First, it tried to get nothing at all, but then the third group would be faced
with a space. This wouldn't match. So, we grudgingly accept the space and try
and finish again. This time the third group has some lower case letters, and
that can match as well.
What if we turn off greediness in all three
groups, and say this: ([a-z]+?)(.*?)([a-z]+?)
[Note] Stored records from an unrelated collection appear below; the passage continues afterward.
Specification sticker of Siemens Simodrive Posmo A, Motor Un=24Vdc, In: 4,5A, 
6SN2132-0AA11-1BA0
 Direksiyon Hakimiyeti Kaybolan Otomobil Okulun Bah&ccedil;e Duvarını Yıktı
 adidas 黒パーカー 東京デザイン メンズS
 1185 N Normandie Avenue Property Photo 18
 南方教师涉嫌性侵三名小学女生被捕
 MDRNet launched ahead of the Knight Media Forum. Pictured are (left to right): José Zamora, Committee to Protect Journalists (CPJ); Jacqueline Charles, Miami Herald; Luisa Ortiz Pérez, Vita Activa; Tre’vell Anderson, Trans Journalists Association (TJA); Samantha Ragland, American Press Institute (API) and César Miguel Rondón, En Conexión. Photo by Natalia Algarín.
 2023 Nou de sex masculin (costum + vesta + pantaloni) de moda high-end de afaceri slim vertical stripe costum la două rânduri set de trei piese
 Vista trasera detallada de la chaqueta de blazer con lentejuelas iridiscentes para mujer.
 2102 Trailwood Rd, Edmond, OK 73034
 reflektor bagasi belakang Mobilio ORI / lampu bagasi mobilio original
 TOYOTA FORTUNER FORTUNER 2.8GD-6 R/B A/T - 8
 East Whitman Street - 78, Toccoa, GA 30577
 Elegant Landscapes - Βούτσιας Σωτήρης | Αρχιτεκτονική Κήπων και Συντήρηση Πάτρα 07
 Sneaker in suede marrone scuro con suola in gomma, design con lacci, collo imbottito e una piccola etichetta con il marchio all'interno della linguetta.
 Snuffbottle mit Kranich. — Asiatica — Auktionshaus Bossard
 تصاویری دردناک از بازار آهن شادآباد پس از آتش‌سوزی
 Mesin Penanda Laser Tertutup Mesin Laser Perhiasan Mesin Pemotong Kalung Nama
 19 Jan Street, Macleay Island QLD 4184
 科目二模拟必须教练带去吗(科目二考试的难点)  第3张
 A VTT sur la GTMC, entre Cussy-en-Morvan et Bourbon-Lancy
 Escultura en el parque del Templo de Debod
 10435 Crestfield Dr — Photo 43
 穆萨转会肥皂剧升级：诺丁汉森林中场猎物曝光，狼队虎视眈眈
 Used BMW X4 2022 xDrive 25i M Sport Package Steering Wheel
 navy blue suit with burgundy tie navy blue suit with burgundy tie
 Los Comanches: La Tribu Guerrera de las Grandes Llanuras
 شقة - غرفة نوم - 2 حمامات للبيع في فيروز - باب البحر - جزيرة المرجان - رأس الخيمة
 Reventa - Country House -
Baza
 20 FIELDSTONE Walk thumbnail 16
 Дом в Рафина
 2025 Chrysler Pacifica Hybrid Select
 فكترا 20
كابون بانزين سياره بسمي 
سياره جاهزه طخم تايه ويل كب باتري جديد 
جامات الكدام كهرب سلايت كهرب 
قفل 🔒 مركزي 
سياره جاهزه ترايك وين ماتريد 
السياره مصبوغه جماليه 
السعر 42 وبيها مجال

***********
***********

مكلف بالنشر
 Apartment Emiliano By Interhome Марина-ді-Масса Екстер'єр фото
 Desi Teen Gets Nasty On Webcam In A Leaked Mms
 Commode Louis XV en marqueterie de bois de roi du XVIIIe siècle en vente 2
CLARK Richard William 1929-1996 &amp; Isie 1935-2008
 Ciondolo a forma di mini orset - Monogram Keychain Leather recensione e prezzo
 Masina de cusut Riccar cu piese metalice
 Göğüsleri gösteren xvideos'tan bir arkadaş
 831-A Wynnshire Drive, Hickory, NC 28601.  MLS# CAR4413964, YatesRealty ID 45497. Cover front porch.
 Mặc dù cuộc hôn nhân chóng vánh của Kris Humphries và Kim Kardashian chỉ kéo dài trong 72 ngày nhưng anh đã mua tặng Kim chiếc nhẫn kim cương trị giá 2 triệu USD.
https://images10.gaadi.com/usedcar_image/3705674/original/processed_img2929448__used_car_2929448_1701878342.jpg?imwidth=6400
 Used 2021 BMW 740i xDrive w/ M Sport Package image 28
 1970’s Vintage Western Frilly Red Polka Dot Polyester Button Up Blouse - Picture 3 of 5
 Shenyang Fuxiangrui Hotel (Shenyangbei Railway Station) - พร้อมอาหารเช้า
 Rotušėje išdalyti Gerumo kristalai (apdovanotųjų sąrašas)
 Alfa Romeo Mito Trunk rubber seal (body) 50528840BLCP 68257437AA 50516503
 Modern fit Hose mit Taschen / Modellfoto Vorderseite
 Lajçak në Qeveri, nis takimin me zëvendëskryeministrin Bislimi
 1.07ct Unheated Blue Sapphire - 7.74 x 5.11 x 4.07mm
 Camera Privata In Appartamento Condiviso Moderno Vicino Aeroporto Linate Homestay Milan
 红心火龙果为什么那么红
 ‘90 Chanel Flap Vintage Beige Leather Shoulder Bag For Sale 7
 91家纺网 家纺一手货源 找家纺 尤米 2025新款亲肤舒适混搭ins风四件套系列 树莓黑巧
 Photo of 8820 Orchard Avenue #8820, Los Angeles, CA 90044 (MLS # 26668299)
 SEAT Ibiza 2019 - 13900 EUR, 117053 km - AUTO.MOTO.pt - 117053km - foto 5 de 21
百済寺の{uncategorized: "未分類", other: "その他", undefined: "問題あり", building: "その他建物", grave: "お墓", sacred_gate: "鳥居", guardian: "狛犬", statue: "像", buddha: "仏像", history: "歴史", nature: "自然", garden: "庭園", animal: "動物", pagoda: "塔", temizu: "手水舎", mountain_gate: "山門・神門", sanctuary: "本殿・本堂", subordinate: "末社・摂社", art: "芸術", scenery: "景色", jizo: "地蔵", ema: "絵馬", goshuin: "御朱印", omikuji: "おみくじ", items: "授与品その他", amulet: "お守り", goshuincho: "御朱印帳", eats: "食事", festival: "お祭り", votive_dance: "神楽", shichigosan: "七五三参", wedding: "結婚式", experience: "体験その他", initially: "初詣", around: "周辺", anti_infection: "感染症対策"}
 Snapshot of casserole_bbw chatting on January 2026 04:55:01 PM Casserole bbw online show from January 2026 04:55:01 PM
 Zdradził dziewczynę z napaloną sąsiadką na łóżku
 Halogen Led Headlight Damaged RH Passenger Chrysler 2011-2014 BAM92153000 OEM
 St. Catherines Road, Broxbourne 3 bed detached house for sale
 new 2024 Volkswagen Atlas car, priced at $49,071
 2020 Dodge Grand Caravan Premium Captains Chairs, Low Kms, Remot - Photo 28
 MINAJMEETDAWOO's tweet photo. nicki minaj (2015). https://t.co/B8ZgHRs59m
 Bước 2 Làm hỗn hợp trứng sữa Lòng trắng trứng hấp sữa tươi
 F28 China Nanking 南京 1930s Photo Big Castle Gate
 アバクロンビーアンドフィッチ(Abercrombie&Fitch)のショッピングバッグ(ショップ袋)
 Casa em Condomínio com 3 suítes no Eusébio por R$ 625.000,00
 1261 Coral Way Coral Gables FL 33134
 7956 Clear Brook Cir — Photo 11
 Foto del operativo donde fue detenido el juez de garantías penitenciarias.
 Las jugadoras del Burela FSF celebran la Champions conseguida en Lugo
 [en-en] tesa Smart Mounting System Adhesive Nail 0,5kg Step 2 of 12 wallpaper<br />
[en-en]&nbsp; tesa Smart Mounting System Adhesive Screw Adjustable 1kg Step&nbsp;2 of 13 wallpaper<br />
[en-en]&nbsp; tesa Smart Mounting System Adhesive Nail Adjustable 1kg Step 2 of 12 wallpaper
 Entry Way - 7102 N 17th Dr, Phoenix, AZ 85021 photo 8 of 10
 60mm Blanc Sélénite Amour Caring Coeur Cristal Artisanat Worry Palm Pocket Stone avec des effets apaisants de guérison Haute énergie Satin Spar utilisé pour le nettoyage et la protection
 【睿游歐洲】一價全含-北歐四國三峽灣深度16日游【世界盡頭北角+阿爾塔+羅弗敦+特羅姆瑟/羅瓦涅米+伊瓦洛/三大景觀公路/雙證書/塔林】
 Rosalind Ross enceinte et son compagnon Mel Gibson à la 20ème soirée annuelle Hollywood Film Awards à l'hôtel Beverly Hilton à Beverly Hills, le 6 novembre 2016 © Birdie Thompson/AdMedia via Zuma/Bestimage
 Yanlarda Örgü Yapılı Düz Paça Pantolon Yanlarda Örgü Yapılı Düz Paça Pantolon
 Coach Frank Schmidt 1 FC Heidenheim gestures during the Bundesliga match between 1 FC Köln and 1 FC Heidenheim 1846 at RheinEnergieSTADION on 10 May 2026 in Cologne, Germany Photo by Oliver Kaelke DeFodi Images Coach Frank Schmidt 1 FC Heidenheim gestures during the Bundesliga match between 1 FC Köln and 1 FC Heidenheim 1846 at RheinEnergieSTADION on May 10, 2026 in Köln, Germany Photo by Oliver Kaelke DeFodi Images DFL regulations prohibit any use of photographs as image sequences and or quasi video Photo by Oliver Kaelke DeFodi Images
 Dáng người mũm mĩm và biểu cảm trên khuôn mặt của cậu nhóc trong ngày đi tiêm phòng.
> perl matchtest2.plx Enter a regular
expression: ([a-z]+?)(.*?)([a-z]+?) The text matches the pattern
'([a-z]+?)(.*?)([a-z]+?)'. $1 is 's' $2 is '' $3 is 'i' >
What about this? Well, the
smallest possible match for the first group is the 's' of silly. We asked it to
find one character or more, and so the smallest it could find was one. The
second group actually matched no characters at all. This left the third group
facing an 'i', which it took to complete the match.
Our last example
included an alternation:
> perl
matchtest2.plx
Enter a regular
expression: e(\w|n\w+) The text matches the pattern 'e(\w|n\w+)'. $1 is 'n' >
The engine took the first branch of
the alternation and matched a single character, even though the second branch
would actually satisfy greed. This leads us onto the fourth rule:
Rule four: Again like me,
the regular expression engine hates decisions
. If there are two branches, it will always choose the first one, even though
the second one might allow it to gain a longer match. To summarize:
The regular expression engine starts as soon as
it can, grabs as much as it can, then tries to finish as soon as it can, while
taking the first decision available to it.